The towns recognize the need for affordable housing, but Boothbay Harbor has its hands tied by outdated and super restrictive ordinances, they said; no one has addressed the “archaic code from 1986” Yale said was a knee-jerk reaction to the Signal Point development and other condominium developments shortly before the change. Both towns have spent a lot of money and time over 35 years trying to get businesses to move to a region that cannot support the necessary workforce, Yale said. Watson added that among the issues which have gone unaddressed are the general recommendations as illustrated in the regional economic master plan presented in February 2018, and the need to reduce density requirements from 10,000 square feet per residential use to 5,000 square feet.
Said Yale, “The knee-jerk might have been OK as a moratorium, but they never lifted those restrictions. Right now, if we lifted those restrictions, we could get into some of these developments which are already approved, hooked up to water and sewer, and they just sit there. There could be 44 homes built in the next two years for families if we could shrink the lot size … Just think of the tax implications of having all these vacant and vagrant houses and land without things being built on them and what it costs the town. They're always trying to balance the budget, but if we had taxes coming in, we wouldn't have to worry about all of that.”
Watson and Yale said it is clear what the needs are for housing. Watson found after taking a class three winters ago with young professional women that some were living only as close as Brunswick and commuting every day. “Why are we here? Why are we working on this? It's because this is a real problem and it's not going to get any better … There is no place for anybody to live.” The women were dentists/hygienists, teachers, educated, college graduates, including PhD’s, said Watson.

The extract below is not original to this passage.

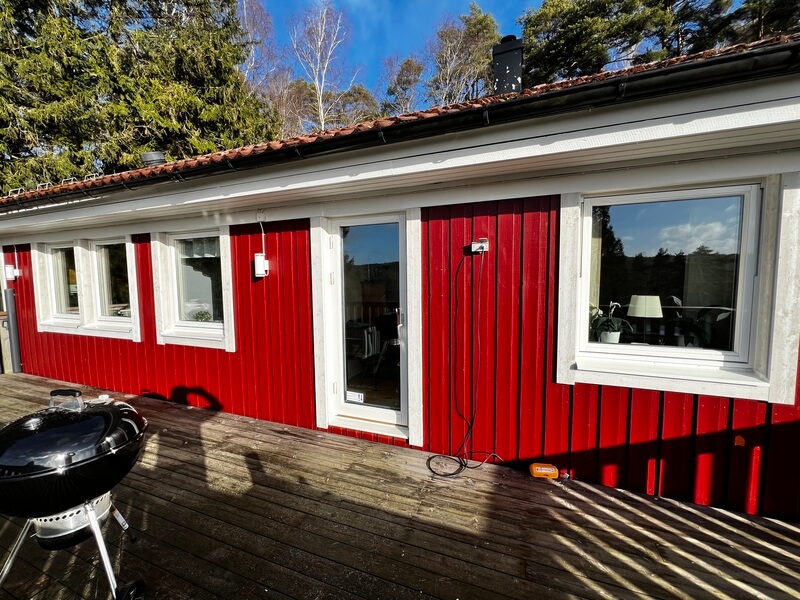Röd träpanelvilla med nyinstallerade vita fönster mot trädäck i solsken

She said one had just been recruited by Reny's Department Store right out of fashion school in Boston to work as a buyer; another, a scientist at Bigelow Lab, was commuting to work from Brunswick. “Everybody is living off peninsula.”
Said Yale. “And they're living in substandard housing. One of them, their grandfather built an apartment over their garage. Another was living in the basement of someone's house … The priority and the message isn't out there. People don't realize we're not going to have anybody here to share this wonderful environment with if they don't get on board with affordable housing.”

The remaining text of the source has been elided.